Le seul point commun qui demeure entre la Géorgie et la Moldavie est leur passé en tant que républiques soviétiques jusqu'au début des années 1990. Ce passé reste une source de débat et de polarisation, tant à l'intérieur de ces pays qu'à l'international. Dans ces deux républiques, certains conservent un attachement émotionnel à la Russie et soutiennent sa politique, tandis que d'autres souhaitent rompre définitivement avec Moscou pour se tourner résolument vers l'Occident.
Le 26 octobre dernier, la Géorgie a organisé des élections législatives remportées par le parti au pouvoir, Rêve géorgien, favorable à la Russie. L'opposition pro-occidentale a toutefois contesté les résultats, organisant des manifestations et exigeant l'annulation du scrutin par le gouvernement d'Irakli Kobakhidze.
À l'inverse, le 3 novembre, la Moldavie a tenu une élection présidentielle qui a vu la réélection de Maia Sandu, une dirigeante résolument tournée vers l'Occident, ce qui a suscité un soulagement et des éloges en Europe et aux États-Unis. En revanche, le Parti socialiste, dont le candidat pro-russe est Alexandre Stoïanoglo, a remis en cause la « légitimité » de cette victoire.
Pourquoi cette rivalité russo-occidentale est-elle si forte en Géorgie et en Moldavie ?
La guerre russo-ukrainienne, débutée le 24 février 2022, a indéniablement intensifié cette lutte d'influence. Par exemple, la Géorgie avait été invitée à rejoindre l'OTAN lors du sommet de Bucarest de 2008, en même temps que l'Ukraine. Cette même année, un conflit bref a éclaté entre la Russie et la Géorgie lorsque cette dernière a tenté de reprendre par la force la région séparatiste d'Ossétie du Sud. L'armée russe est intervenue, repoussant les troupes géorgiennes, et la région a ensuite déclaré son indépendance de manière unilatérale.
Sous la présidence du pro-occidental Mikheil Saakachvili, les relations entre la Russie et la Géorgie sont restées tendues, jusqu'à l'arrivée au pouvoir de Giorgi Margvelachvili, affilié au parti Rêve géorgien, en 2013. Ce dernier a amorcé une phase de normalisation avec Moscou. Il a été suivi par Salomé Zourabichvili, également affiliée au parti, qui, après avoir entretenu de bonnes relations initiales avec la Russie, s'est finalement alignée sur le soutien à l'Ukraine après l'invasion russe. Cependant, le Premier ministre géorgien, Irakli Kobakhidze, a opté pour une position de neutralité et refusé de se joindre aux sanctions occidentales contre Moscou.

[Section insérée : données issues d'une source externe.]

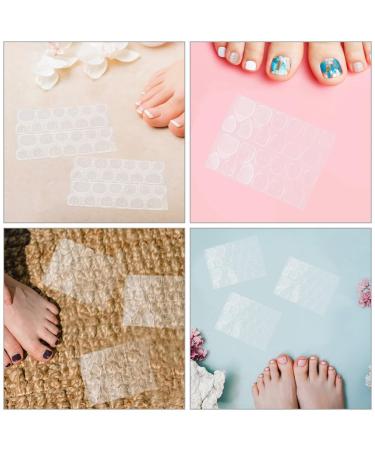 FOMIYES 100 Sheets Press on Nail Adhesive Tabs Nail Glue Stickers Double Side Waterproof Breathable Nail Glue Strong Nail Glue for False Nail Tips Salon Diy Manicure - Buy Online on GoSupps.com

À la suite des récentes élections législatives, Zourabichvili a accusé le parti au pouvoir de fraude électorale et a soutenu les manifestations de l'opposition. Cette crise politique rappelle la situation au Venezuela, où l'opposition, soutenue par l'Occident, avait refusé de reconnaître les résultats des élections remportées par Nicolás Maduro, avec un soutien marqué des États-Unis et de l'Europe.
Kobakhidze affirme que son gouvernement continue de renforcer ses liens avec l'Union européenne tout en évitant de s'opposer à la Russie, une stratégie mal perçue par les Occidentaux.
En Moldavie, Maia Sandu s'est engagée résolument vers l'Occident en réponse à la guerre russo-ukrainienne. Cependant, les résultats électoraux révèlent une société profondément divisée : Sandu a remporté 55,33 % des voix contre 44,67 % pour Stoïanoglo. Lors d'un référendum organisé le 20 octobre, une faible majorité s'est prononcée en faveur de l'adhésion à l'Union européenne, faisant de cette orientation un objectif constitutionnel.
Avec ses 2,5 millions d'habitants, la Moldavie, l'un des pays les plus pauvres d'Europe, reste marquée par une polarisation entre les expatriés et les habitants de la capitale Chișinău, majoritairement en faveur de l'adhésion à l'UE, et les régions rurales, ainsi que les zones autonomes de Transnistrie et de Gagaouzie, pro-russes.
Tout ne se passe pas comme prévu pour Sandu, qui accuse la Russie de viser la Moldavie comme prochaine cible après l'Ukraine. Cependant, beaucoup de Moldaves estiment que leur niveau de vie n'a pas réellement progressé et que la corruption persiste sous son mandat, sans voir la Russie comme seule responsable de leurs problèmes.
L'année prochaine, Sandu fait face à un défi de taille : la possibilité que les partis pro-occidentaux échouent à former un parlement favorable à l'intégration européenne et à une rupture définitive avec Moscou. La question cruciale demeure : un pays aussi divisé peut-il se permettre de s'engager pleinement dans la confrontation entre la Russie et l'Occident ? L'histoire montre que les petits États sortent souvent affaiblis de telles luttes.